DATASET SECTION:
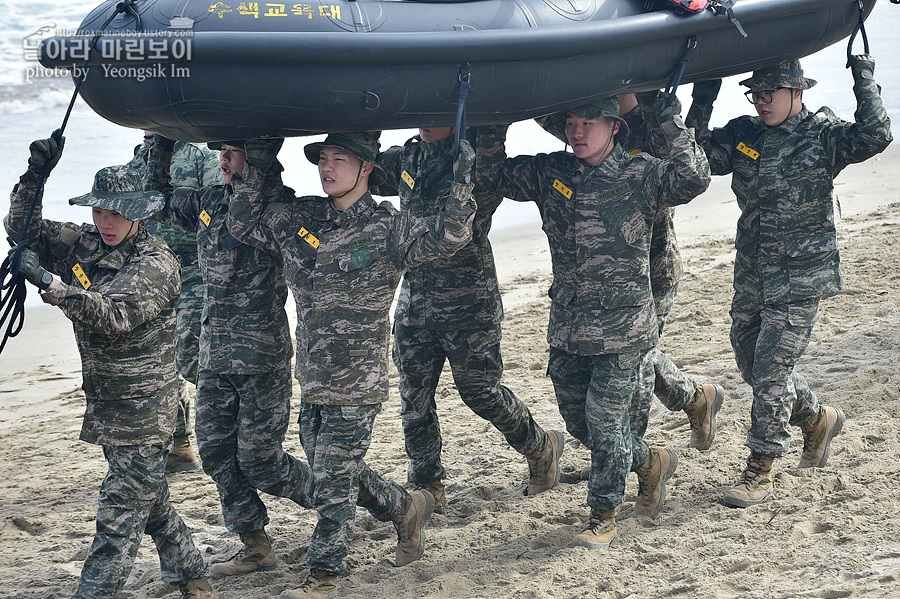 신병1315기1교육대3주차_해상돌격훈련_8008.jpg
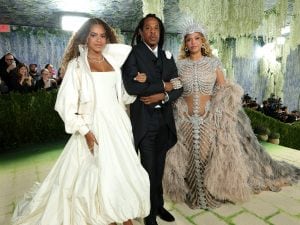 Jay-Z, Beyoncé e Blue Ivy al Met Gala 2026: la famiglia Carter si presenta tutta insieme sul red carpet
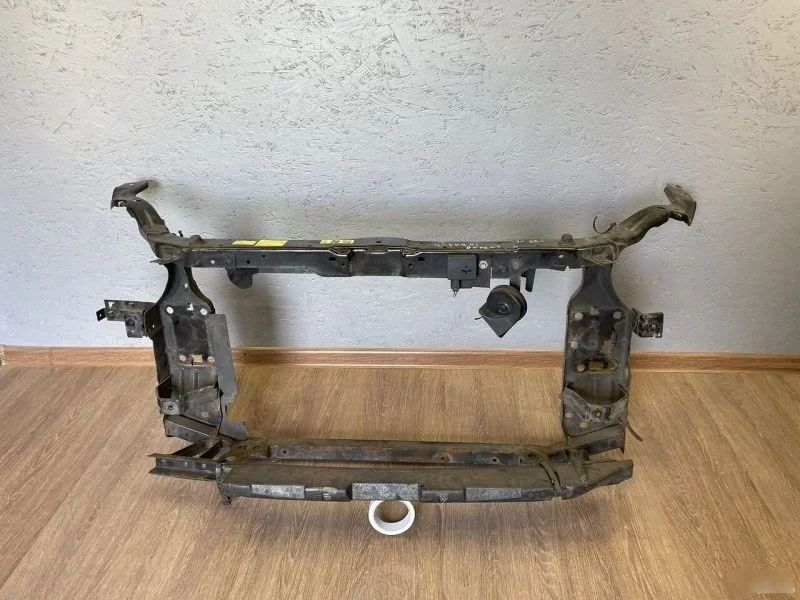 Передняя панель Nissan Qashqai 2006-2010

WORK REQUIRED:
Drop the pictures, then repeat the material word for word.

ANSWER TO THIS EXERCISE:
 신병1315기1교육대3주차_해상돌격훈련_8008.jpg
 Jay-Z, Beyoncé e Blue Ivy al Met Gala 2026: la famiglia Carter si presenta tutta insieme sul red carpet
 Передняя панель Nissan Qashqai 2006-2010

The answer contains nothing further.